● Supplied material:
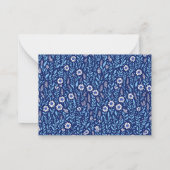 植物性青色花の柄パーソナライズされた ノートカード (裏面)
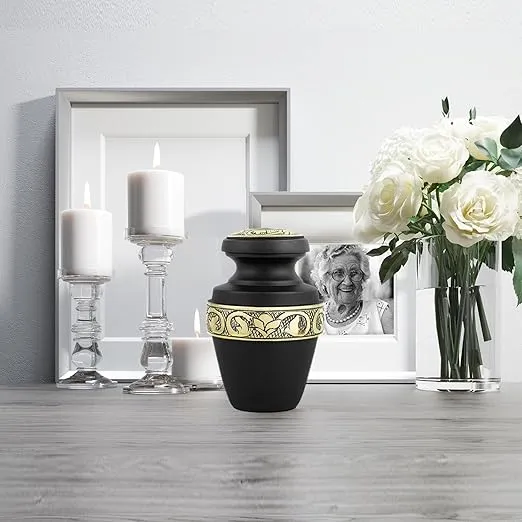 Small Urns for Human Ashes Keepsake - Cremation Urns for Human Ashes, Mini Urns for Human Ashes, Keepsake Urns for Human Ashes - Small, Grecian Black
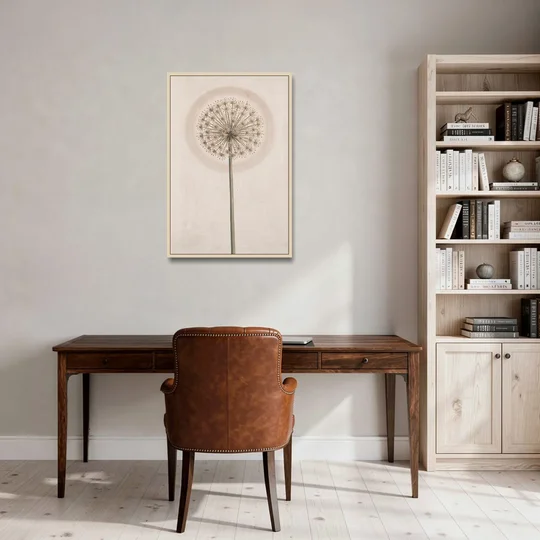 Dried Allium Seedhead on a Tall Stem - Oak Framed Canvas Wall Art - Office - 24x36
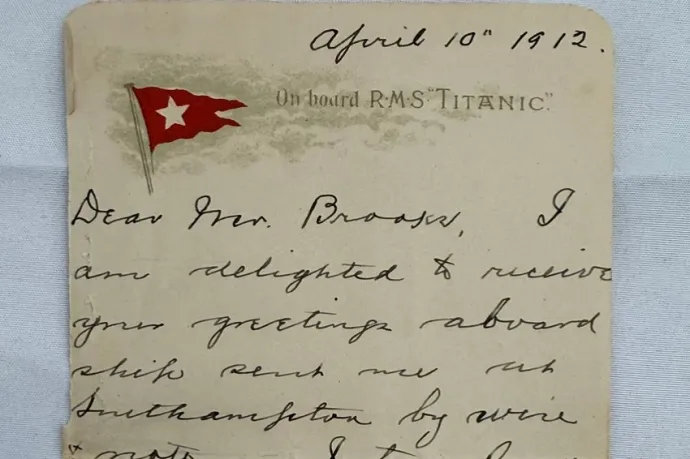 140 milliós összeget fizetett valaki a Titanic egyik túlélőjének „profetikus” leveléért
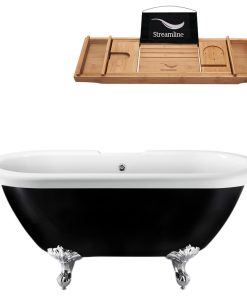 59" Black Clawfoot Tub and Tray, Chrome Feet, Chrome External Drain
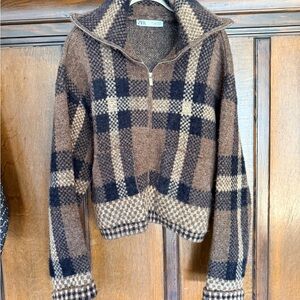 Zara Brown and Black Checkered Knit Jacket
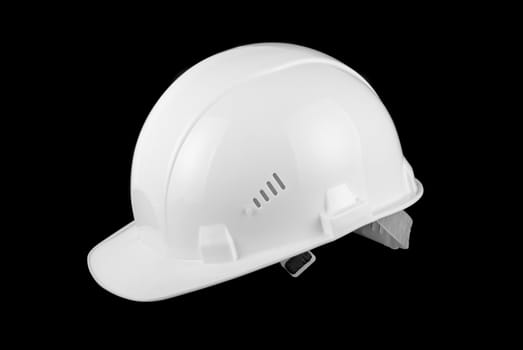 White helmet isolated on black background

● Instructions for the task: Please give back the material above exactly as written, pictures omitted.

● Output of the exercise:
 植物性青色花の柄パーソナライズされた ノートカード (裏面)
 Small Urns for Human Ashes Keepsake - Cremation Urns for Human Ashes, Mini Urns for Human Ashes, Keepsake Urns for Human Ashes - Small, Grecian Black
 Dried Allium Seedhead on a Tall Stem - Oak Framed Canvas Wall Art - Office - 24x36
 140 milliós összeget fizetett valaki a Titanic egyik túlélőjének „profetikus” leveléért
 59" Black Clawfoot Tub and Tray, Chrome Feet, Chrome External Drain
 Zara Brown and Black Checkered Knit Jacket
 White helmet isolated on black background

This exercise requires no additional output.